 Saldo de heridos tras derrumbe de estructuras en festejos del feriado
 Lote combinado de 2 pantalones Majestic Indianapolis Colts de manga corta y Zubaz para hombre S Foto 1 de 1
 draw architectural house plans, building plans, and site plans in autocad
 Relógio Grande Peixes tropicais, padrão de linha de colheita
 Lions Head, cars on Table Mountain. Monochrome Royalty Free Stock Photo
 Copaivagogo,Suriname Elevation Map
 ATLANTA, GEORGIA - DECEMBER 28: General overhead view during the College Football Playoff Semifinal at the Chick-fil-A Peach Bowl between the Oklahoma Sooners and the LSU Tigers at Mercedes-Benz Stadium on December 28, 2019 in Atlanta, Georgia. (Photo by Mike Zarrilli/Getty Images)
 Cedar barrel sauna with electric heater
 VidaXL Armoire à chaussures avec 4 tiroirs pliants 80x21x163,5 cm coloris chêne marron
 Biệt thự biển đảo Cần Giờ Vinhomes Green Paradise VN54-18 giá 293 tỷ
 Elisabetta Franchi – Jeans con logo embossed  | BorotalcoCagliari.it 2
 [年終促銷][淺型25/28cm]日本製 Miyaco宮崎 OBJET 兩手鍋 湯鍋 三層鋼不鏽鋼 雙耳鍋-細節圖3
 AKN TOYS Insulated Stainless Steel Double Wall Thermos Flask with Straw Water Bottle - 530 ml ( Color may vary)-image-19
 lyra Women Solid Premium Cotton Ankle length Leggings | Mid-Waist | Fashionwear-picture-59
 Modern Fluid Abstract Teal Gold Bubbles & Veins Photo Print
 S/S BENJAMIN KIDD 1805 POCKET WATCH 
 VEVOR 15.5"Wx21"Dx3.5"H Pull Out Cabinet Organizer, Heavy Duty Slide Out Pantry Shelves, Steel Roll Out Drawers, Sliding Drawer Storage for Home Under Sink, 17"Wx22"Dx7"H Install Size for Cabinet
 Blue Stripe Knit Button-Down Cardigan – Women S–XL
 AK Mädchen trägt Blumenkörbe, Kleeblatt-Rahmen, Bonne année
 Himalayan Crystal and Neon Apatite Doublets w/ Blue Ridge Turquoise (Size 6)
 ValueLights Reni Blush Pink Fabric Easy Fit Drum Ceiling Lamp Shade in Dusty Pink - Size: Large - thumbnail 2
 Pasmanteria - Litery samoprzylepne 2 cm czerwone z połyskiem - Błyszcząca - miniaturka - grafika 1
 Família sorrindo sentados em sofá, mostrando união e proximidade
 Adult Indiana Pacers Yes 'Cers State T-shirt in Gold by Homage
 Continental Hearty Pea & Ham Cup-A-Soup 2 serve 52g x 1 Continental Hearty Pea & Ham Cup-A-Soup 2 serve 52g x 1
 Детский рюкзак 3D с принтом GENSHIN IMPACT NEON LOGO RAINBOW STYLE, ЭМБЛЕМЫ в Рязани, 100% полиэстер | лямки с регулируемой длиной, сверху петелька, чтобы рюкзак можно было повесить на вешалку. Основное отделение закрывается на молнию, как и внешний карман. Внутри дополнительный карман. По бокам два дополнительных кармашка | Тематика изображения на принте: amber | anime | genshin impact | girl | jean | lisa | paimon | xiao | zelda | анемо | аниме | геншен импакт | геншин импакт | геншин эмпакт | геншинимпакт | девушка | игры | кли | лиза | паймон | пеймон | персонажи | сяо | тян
● ● ●
WORK INSTRUCTION |
Exactly and only the lines from the one containing "Himalayan Crystal and" to the end of the entries above are to be written out.

ANSWER TO THIS PROBLEM |
 Himalayan Crystal and Neon Apatite Doublets w/ Blue Ridge Turquoise (Size 6)
 ValueLights Reni Blush Pink Fabric Easy Fit Drum Ceiling Lamp Shade in Dusty Pink - Size: Large - thumbnail 2
 Pasmanteria - Litery samoprzylepne 2 cm czerwone z połyskiem - Błyszcząca - miniaturka - grafika 1
 Família sorrindo sentados em sofá, mostrando união e proximidade
 Adult Indiana Pacers Yes 'Cers State T-shirt in Gold by Homage
 Continental Hearty Pea & Ham Cup-A-Soup 2 serve 52g x 1 Continental Hearty Pea & Ham Cup-A-Soup 2 serve 52g x 1
 Детский рюкзак 3D с принтом GENSHIN IMPACT NEON LOGO RAINBOW STYLE, ЭМБЛЕМЫ в Рязани, 100% полиэстер | лямки с регулируемой длиной, сверху петелька, чтобы рюкзак можно было повесить на вешалку. Основное отделение закрывается на молнию, как и внешний карман. Внутри дополнительный карман. По бокам два дополнительных кармашка | Тематика изображения на принте: amber | anime | genshin impact | girl | jean | lisa | paimon | xiao | zelda | анемо | аниме | геншен импакт | геншин импакт | геншин эмпакт | геншинимпакт | девушка | игры | кли | лиза | паймон | пеймон | персонажи | сяо | тян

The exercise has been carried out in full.